*** Opening of Task input ***
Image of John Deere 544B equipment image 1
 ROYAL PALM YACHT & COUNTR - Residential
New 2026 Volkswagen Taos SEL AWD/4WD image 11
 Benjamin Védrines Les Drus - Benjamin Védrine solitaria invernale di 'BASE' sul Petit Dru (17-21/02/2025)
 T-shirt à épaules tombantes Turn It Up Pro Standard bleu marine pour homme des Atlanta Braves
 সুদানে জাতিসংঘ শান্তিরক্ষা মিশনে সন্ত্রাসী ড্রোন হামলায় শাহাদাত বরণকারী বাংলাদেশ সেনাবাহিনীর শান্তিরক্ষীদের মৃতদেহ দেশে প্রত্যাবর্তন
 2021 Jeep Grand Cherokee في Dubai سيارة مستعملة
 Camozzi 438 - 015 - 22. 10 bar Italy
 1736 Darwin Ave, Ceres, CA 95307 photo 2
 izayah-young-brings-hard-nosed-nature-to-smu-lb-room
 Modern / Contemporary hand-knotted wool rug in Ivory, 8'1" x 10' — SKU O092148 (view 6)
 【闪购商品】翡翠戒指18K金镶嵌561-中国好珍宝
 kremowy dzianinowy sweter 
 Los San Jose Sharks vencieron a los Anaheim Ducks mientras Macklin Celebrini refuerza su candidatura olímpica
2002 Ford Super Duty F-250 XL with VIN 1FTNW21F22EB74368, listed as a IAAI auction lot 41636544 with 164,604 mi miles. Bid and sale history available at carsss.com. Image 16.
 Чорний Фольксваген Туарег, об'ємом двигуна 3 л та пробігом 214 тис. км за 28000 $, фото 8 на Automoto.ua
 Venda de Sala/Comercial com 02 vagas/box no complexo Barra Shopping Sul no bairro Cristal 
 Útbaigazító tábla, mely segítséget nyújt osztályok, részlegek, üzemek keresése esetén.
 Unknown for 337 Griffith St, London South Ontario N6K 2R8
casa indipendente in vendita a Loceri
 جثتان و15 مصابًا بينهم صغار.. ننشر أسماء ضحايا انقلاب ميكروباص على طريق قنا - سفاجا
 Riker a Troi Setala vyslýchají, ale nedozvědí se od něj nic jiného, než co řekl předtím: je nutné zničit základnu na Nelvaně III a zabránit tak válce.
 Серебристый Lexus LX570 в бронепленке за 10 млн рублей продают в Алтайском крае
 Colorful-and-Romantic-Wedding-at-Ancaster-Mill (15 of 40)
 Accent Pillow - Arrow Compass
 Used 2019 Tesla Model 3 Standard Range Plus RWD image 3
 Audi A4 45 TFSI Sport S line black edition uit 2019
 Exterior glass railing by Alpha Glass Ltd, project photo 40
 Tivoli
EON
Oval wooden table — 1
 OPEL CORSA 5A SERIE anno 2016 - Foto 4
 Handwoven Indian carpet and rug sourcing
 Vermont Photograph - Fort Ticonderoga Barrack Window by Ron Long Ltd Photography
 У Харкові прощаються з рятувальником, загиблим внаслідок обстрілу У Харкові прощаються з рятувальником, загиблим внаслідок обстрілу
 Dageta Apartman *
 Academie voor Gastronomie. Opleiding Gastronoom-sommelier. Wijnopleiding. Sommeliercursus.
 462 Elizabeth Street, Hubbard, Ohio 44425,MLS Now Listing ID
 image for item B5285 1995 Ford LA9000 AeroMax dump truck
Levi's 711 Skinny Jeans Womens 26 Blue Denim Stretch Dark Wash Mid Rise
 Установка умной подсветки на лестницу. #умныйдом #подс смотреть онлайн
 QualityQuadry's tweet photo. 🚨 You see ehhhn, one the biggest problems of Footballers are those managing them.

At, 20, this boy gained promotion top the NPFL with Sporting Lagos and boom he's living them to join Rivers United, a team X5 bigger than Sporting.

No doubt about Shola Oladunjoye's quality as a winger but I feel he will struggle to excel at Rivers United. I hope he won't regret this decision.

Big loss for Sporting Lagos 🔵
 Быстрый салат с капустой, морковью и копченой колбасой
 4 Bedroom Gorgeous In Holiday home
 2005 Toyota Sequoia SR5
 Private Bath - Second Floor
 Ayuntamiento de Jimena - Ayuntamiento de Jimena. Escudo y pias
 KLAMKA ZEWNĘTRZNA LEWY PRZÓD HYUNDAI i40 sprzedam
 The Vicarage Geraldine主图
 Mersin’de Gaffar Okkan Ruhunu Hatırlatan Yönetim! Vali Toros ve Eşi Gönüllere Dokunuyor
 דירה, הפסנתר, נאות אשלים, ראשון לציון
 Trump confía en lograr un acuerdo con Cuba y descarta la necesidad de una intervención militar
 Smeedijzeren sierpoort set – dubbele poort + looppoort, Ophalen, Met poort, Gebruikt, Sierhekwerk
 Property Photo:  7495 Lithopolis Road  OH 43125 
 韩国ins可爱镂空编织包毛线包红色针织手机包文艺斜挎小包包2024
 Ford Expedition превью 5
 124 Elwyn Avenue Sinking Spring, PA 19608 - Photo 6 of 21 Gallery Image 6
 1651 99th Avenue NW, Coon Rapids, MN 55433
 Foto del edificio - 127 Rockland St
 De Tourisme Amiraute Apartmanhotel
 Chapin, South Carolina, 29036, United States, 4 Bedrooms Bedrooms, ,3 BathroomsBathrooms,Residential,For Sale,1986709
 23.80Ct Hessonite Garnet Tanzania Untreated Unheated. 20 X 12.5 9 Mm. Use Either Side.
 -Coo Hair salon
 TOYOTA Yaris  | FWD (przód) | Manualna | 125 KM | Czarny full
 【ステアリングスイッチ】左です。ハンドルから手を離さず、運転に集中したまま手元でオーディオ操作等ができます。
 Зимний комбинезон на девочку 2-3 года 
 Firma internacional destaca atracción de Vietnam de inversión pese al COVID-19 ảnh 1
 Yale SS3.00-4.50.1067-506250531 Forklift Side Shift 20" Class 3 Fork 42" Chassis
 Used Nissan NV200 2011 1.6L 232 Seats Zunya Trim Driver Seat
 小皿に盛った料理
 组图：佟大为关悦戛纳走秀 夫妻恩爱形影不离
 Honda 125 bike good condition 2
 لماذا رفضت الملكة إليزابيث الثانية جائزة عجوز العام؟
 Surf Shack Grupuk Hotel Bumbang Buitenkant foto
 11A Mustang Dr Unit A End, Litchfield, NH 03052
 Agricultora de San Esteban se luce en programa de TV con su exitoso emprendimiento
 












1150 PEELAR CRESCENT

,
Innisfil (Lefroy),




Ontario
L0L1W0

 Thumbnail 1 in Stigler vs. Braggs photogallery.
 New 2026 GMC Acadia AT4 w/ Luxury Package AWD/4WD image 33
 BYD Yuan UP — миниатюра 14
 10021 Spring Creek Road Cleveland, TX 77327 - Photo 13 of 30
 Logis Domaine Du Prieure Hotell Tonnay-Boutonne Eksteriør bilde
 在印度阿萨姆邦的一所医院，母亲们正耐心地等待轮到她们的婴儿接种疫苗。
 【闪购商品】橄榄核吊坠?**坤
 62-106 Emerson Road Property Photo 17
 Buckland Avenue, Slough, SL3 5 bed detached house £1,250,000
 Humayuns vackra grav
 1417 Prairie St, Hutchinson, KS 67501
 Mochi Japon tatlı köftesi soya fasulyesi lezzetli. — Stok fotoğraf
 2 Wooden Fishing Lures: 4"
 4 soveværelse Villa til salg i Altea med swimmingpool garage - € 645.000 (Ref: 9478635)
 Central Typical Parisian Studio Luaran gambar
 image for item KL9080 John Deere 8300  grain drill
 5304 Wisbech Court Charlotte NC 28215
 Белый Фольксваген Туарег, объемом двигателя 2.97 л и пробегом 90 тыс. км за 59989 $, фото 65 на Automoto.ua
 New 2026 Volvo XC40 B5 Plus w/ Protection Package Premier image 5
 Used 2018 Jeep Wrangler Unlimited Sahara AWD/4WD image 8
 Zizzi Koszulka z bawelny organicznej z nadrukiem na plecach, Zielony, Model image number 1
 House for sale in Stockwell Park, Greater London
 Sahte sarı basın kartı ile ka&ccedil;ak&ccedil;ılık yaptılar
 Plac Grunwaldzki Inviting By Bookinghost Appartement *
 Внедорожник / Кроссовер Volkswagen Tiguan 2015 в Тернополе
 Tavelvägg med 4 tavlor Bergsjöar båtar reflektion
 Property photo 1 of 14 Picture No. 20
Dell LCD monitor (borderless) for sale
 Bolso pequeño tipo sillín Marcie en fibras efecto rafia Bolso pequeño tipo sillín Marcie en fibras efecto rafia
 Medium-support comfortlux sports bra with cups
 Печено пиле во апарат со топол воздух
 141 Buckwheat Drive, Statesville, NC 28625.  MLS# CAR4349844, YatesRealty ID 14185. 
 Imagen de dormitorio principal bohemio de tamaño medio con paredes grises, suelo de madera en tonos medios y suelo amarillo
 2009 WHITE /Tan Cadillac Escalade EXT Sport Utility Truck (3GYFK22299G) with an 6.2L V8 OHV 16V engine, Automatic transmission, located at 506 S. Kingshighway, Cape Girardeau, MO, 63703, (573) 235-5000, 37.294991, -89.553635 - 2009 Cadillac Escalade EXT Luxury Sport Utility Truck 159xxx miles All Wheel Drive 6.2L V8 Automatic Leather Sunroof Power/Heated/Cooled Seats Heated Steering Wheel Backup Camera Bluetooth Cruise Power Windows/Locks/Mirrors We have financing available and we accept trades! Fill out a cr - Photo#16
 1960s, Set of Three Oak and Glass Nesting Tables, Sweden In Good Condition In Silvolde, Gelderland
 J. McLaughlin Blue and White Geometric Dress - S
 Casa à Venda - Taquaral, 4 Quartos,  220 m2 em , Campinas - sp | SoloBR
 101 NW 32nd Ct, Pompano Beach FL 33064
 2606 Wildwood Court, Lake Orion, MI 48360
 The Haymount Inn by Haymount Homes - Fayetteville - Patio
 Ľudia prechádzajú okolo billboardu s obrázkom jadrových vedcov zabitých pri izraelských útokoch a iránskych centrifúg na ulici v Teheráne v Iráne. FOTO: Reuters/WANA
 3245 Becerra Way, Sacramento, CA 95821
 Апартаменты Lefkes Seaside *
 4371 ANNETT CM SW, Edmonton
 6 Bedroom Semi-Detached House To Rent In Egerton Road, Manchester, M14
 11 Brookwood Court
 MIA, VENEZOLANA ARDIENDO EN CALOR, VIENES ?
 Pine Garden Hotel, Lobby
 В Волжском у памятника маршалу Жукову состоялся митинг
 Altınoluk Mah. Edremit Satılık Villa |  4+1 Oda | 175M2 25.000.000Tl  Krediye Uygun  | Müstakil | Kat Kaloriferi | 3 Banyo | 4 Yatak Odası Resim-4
*** Close of Task input ***
**Problem description**
Extract from the records above the lines from the one containing "10021 Spring Creek" to the one containing "Plac Grunwaldzki Inviting", both lines included, exactly as they appear and with nothing else.

**Reply to the exercise**
 10021 Spring Creek Road Cleveland, TX 77327 - Photo 13 of 30
 Logis Domaine Du Prieure Hotell Tonnay-Boutonne Eksteriør bilde
 在印度阿萨姆邦的一所医院，母亲们正耐心地等待轮到她们的婴儿接种疫苗。
 【闪购商品】橄榄核吊坠?**坤
 62-106 Emerson Road Property Photo 17
 Buckland Avenue, Slough, SL3 5 bed detached house £1,250,000
 Humayuns vackra grav
 1417 Prairie St, Hutchinson, KS 67501
 Mochi Japon tatlı köftesi soya fasulyesi lezzetli. — Stok fotoğraf
 2 Wooden Fishing Lures: 4"
 4 soveværelse Villa til salg i Altea med swimmingpool garage - € 645.000 (Ref: 9478635)
 Central Typical Parisian Studio Luaran gambar
 image for item KL9080 John Deere 8300  grain drill
 5304 Wisbech Court Charlotte NC 28215
 Белый Фольксваген Туарег, объемом двигателя 2.97 л и пробегом 90 тыс. км за 59989 $, фото 65 на Automoto.ua
 New 2026 Volvo XC40 B5 Plus w/ Protection Package Premier image 5
 Used 2018 Jeep Wrangler Unlimited Sahara AWD/4WD image 8
 Zizzi Koszulka z bawelny organicznej z nadrukiem na plecach, Zielony, Model image number 1
 House for sale in Stockwell Park, Greater London
 Sahte sarı basın kartı ile ka&ccedil;ak&ccedil;ılık yaptılar
 Plac Grunwaldzki Inviting By Bookinghost Appartement *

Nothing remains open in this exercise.